Под этим предлогом Том покинул гостеприимного хозяина и поспешил к своей возлюбленной в Кролас. Ей он все рассказал без утайки; они поженились и зажили в замке великана припеваючи.
Ночная погоня
Жила-была на свете женщина. Как-то раз, ложась спать, она подумала: «Завтра я должна встать ни свет ни заря, чтобы вовремя поспеть на базар».
Она собиралась продать на базаре яички и масло.
Спать она легла рано и проснулась, когда еще было совсем темно. Часов у нее не было, узнавать время по луне и по звездам она не умела, а потому решила, что уже пора вставать, хотя еще и полночь не пробило.
И вот в эту странную темную пору вывела она из конюшни сонного коня, приладила ему на спину две плетеные корзины — с маслом и с яичками, — накинула себе на плечи плащ, села верхом на коня и отправилась в путь. Путь ее в город лежал через Вересковую Пустошь — странное местечко, совсем не подходящее для ночных прогулок.
Не успела она далеко отъехать, как вдруг услыхала громкий собачий лай и при свете звезд — к счастью, в ту ночь небо было ясное и звезд высыпало видимо-невидимо — увидела бегущего зайца.

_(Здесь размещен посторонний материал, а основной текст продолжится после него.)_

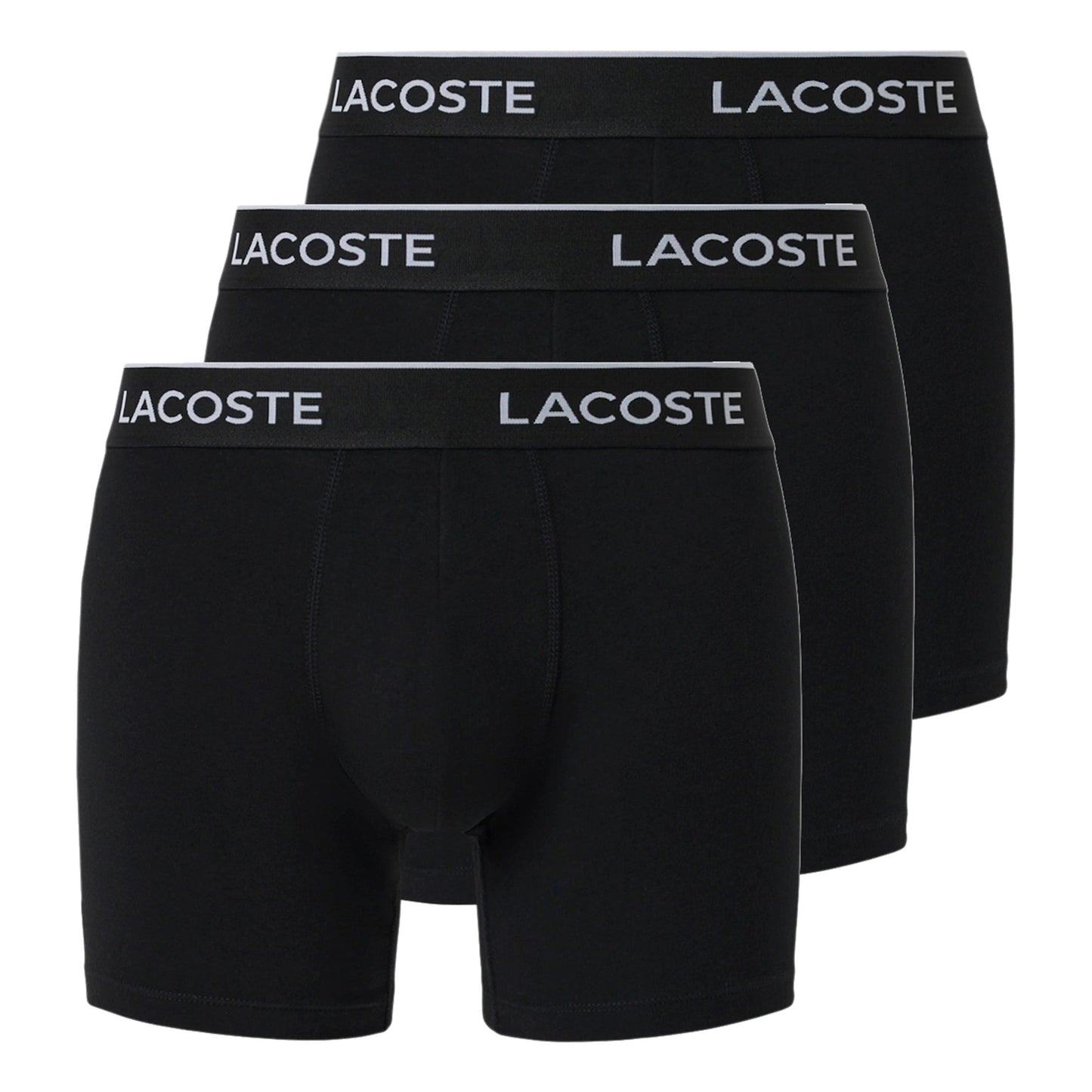 Lacoste Courts long Boxer Short Herren - schwarz, weiß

Заяц бросился прямо к ней и, чуть не добежав до нее, вскочил на живую изгородь, всем своим видом словно говоря: «Подойди, возьми меня и спрячь!»
Женщина эта вообще недолюбливала охоту, поэтому не стала себя долго упрашивать, сняла с изгороди дрожащего зайца, спрятала его в одну из своих корзин и как ни в чем не бывало поехала дальше.

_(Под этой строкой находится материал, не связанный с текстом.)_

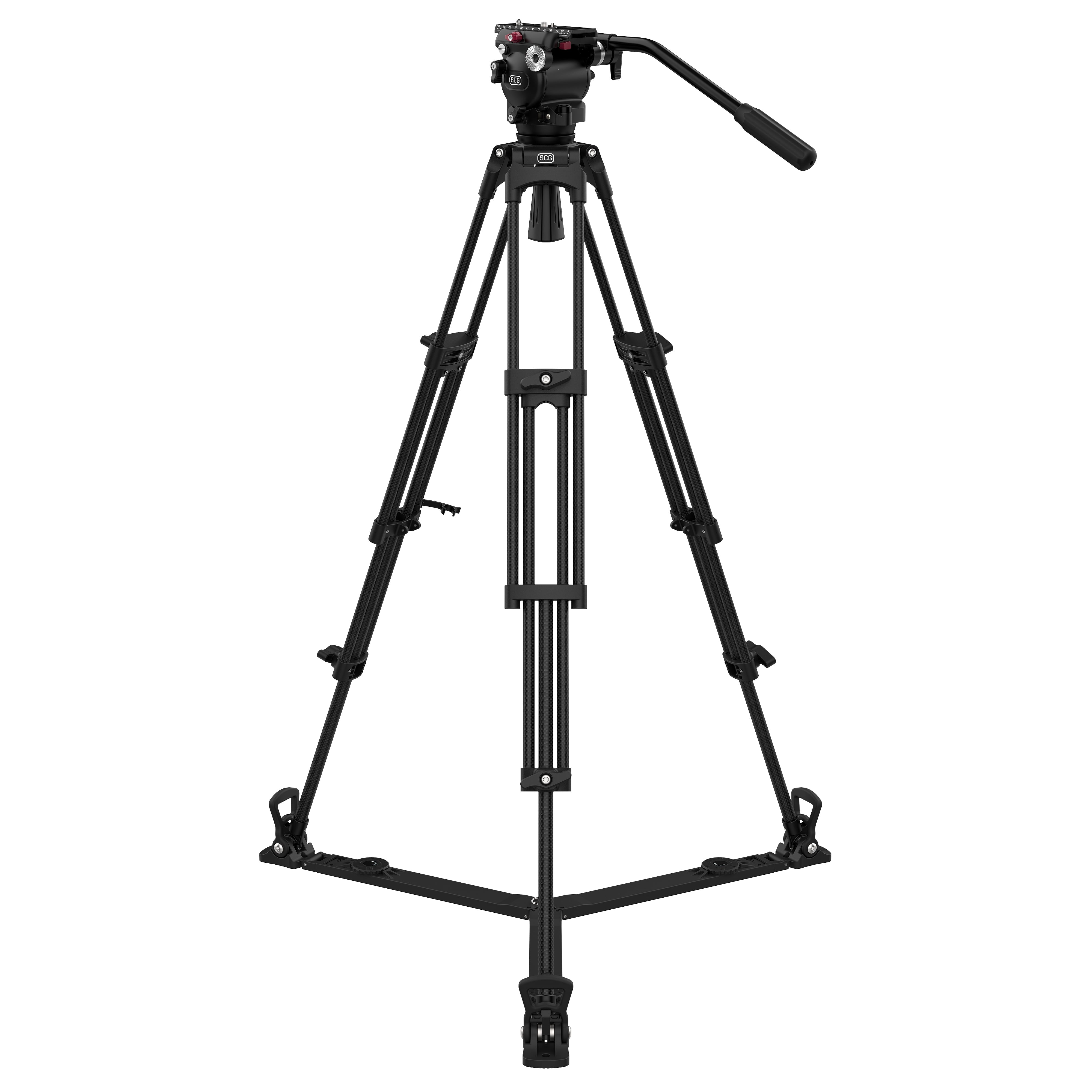 SCG F5 Carbon Fiber Tripod System - Lightweight & Sturdy Camera Tripod for DSLR, Mirrorless, Video Cameras - Perfect for Travel, Photography, and Videography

Однако очень скоро она опять услыхала собачий лай и тут же увидела чудного всадника на лошади — ох, вы только представьте себе! — на лошади без головы. Всадник был весь черный, и голова — слава богу, на месте! — тоже черная, а на макушке из-под жокейской шапочки торчали рожки. Хуже того, глянув вниз, она увидела, что в стремена он вдел вовсе не ноги, обутые во что-нибудь там, а раздвоенные копыта!
Черного всадника на лошади без головы со всех сторон обступили большие черные псы, сбежавшиеся, верно, на запах зайца. Псы были тоже совсем необычные. На голове у них были маленькие рожки, а когда они вертели хвостами, во все стороны так и сыпались искры, и, принюхавшись, женщина почувствовала запах серы. Страх, да и только!
Но она была женщина храбрая, и если уж решила спасти зайца и спрятать в свою корзину, то уж ни за что его не выдала бы. К тому же она знала, что хоть черт и умен, а все-таки не волшебник! Не мог он догадаться, куда девался заяц.
И вправду, черт поклонился ей и очень вежливо спросил, не видала ли она, в какую сторону побежал заяц. Она покачала головой: мол, не видела и не знает. И он затрубил в рог, пришпорил коня без головы и поскакал прочь с Вересковой Пустоши, а черные псы за ним, и скоро все скрылись из глаз, чему женщина была очень рада, как вы и сами можете догадаться.